THE PROBLEM.
Return an exact copy of the lines from the one holding "Hi, in front" to the end of the data, including both the starting and final lines. Leave the pictures out.

(Stored items)

━━━━━━━━

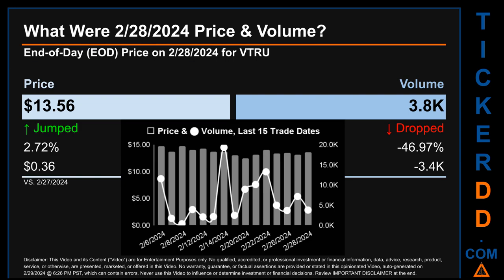Hello, my name is Sam. What was end-of-day price and volume for VTRU on Wednesday, February 28, 2024? VTRU had an end-of-day price of $13.56 and volume of about 3.8 thousand. Compared to the previous trading day, the price jumped 2.72%, gaining 36 cents, while volume dropped 46.97%, decreasing about 3.4 thousand. The graph shows price and volume for the last 15 trade dates across a range of $2.28. The max and minimum end-of-day prices were respectively $14.72 and $12.44. Volume saw a range of 18.9 thousand, from a day low of 0.4 thousand to a day high of 19.3 thousand.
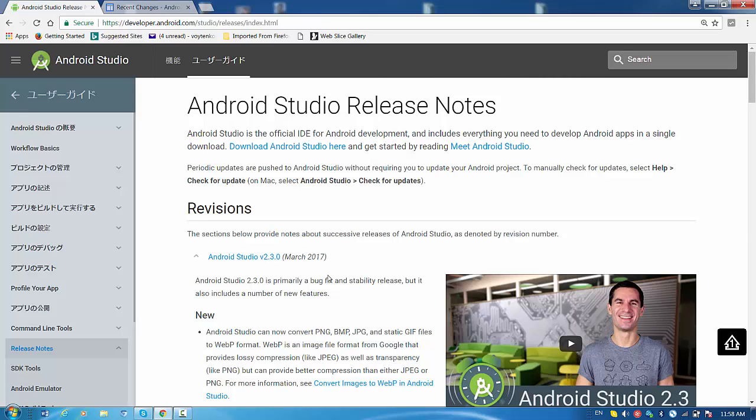Alright, looks like Android Studio closed right now after this download and will be restarted again.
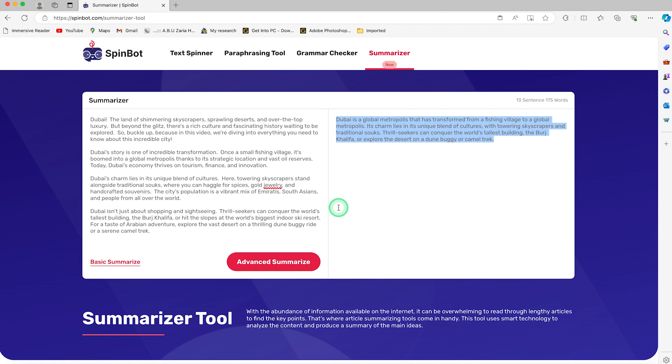I recommend using the advanced features if you want in-depth spinning of your text. I hope you enjoyed this video. Thanks for watching, and I look forward to seeing you in the next one.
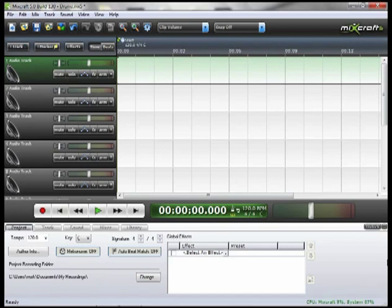Unfortunately, due to some limitations of my laptop, I cannot track live and screen capture it at the same time, so I've pre-recorded a guitar track and some drum tracks.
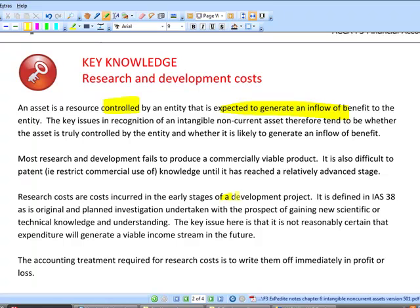Research costs are early on in the stage of a development project. Most companies talk about R&D as if it was one item, but logically they really aren't. Research costs relate to everything before something has become commercially viable — as defined in IAS 38, planned investigation with the prospect of gaining new scientific or technical knowledge and understanding. Technical knowledge and understanding is great but doesn't necessarily bring a benefit. For example, if a scientist discovers a cure for cancer, they face an ethical conflict: they might want to share the knowledge, but a lawyer would almost certainly advise them to patent it so they have an intellectual property right — that's what would give them an inflow of benefit, because people would have to pay for the privilege of using it.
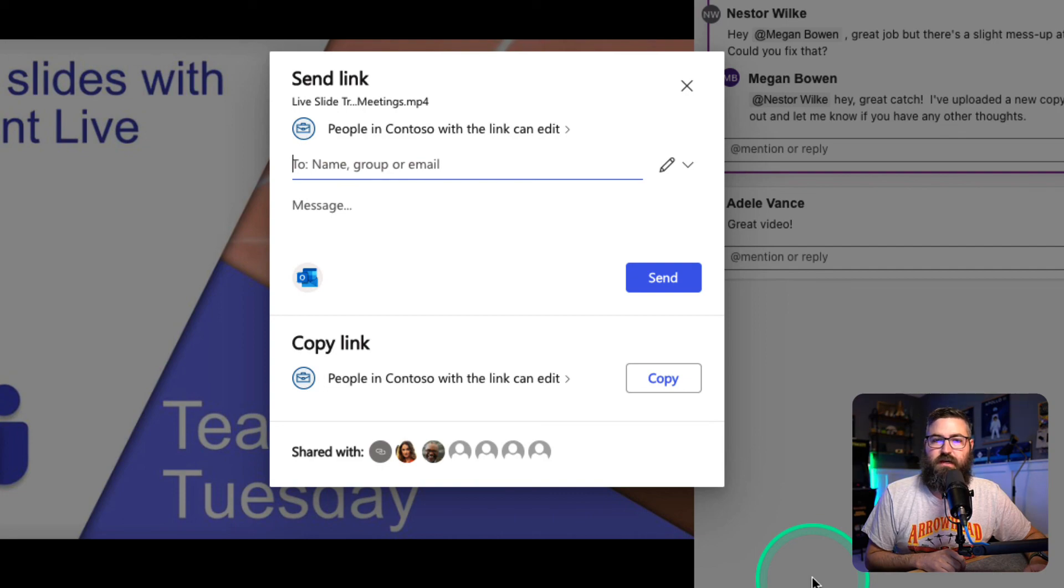So I hope this helps out with your transitioning from Stream Classic into Stream on SharePoint, and stay tuned for a lot more tips to come. Thanks.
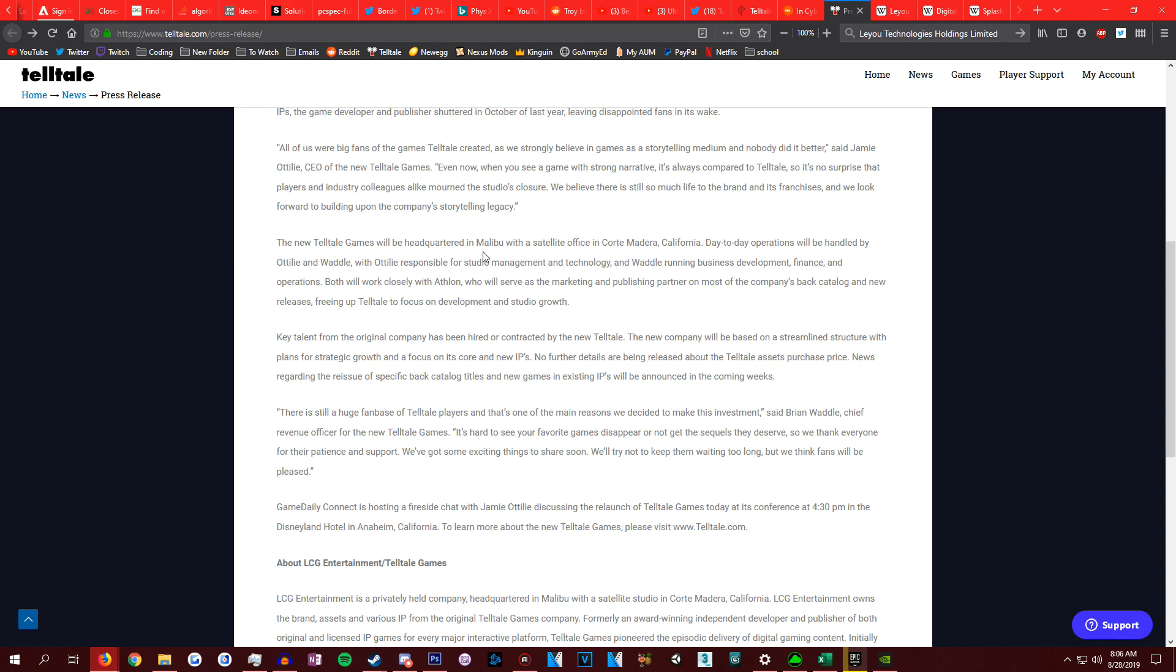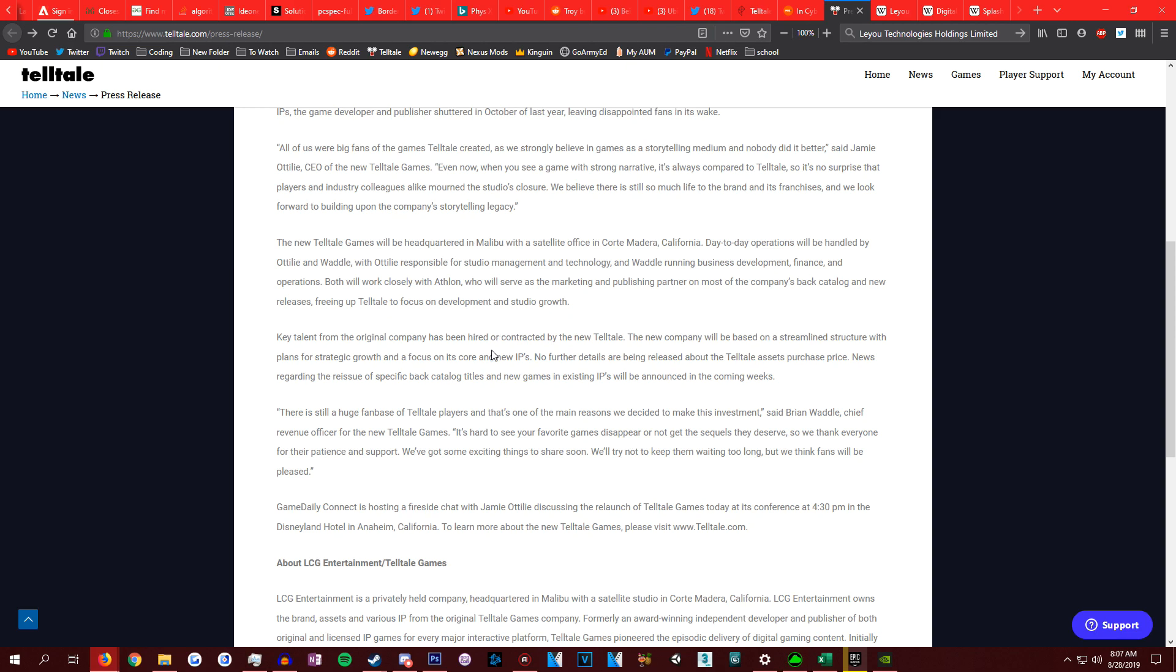The new Telltale will be headquartered in Malibu with a satellite office in Corte Madera, California. Day to day operation will be handled by this guy and that guy. With this guy responsible for studio management and technology, and that guy running business development, finance, and operations. Waddle, I hope you're good with that finance, because that was a problem with the old Telltale.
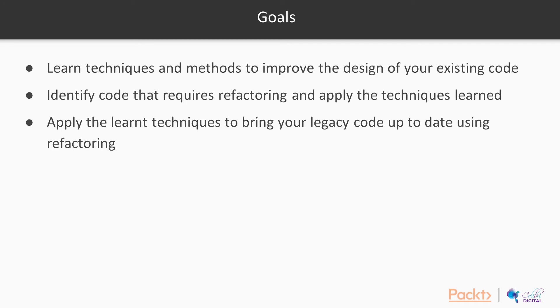We want to teach you three things. Number one, we want you to learn techniques and methods to improve the design of your existing code.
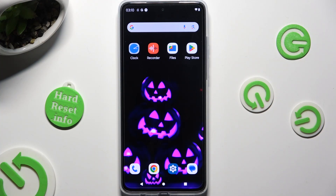Hi, in front of me is the Motorola Moto G84, and today I would like to show you how you can apply Apple Layout on this Android.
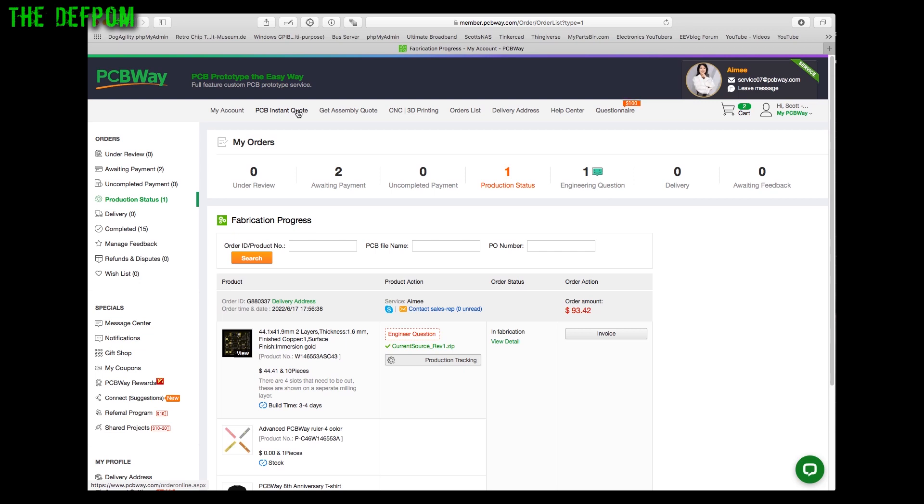Because I'm sponsored it doesn't cost me anything. PCBWay covers the cost for me. I get these for nothing. I'm quite lucky in that way. Next video will be about assembling the boards once the boards arrive. I'll do a soldering video teaching how to solder and assemble these boards and actually see if my design even works. I've got no idea. I haven't even tested it. Thanks for watching.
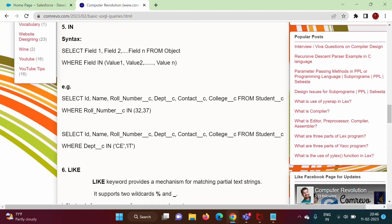Hello friends, welcome to my channel. I am Dambulkar. In last videos we have seen how to use the SELECT keyword, WHERE keyword, OR keyword, AND keyword. In this video we will see how to use the IN keyword and LIKE keyword in SOQL query.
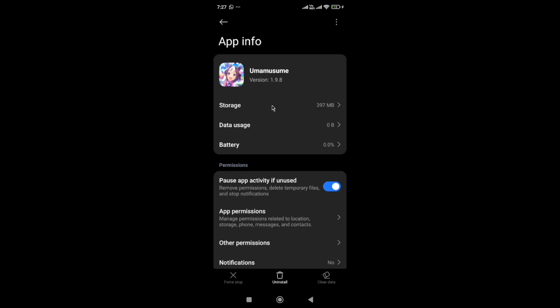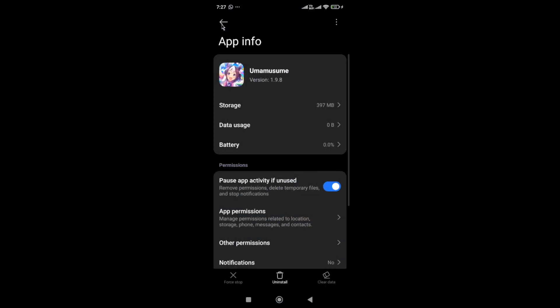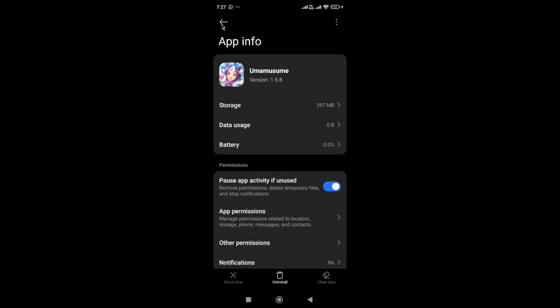In the app info, click the force stop button at the bottom, then go to permissions. If you've restricted any permissions, allow them. Next, go to storage and clear the cache and data of the game. Before doing this step, make sure you've linked your account, otherwise you'll lose all your progress.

━━━━━━━━

OUTPUT OF THE EXERCISE.
Hi, in front of me is the Motorola Moto G84, and today I would like to show you how you can apply Apple Layout on this Android.
Because I'm sponsored it doesn't cost me anything. PCBWay covers the cost for me. I get these for nothing. I'm quite lucky in that way. Next video will be about assembling the boards once the boards arrive. I'll do a soldering video teaching how to solder and assemble these boards and actually see if my design even works. I've got no idea. I haven't even tested it. Thanks for watching.
Hello friends, welcome to my channel. I am Dambulkar. In last videos we have seen how to use the SELECT keyword, WHERE keyword, OR keyword, AND keyword. In this video we will see how to use the IN keyword and LIKE keyword in SOQL query.
In the app info, click the force stop button at the bottom, then go to permissions. If you've restricted any permissions, allow them. Next, go to storage and clear the cache and data of the game. Before doing this step, make sure you've linked your account, otherwise you'll lose all your progress.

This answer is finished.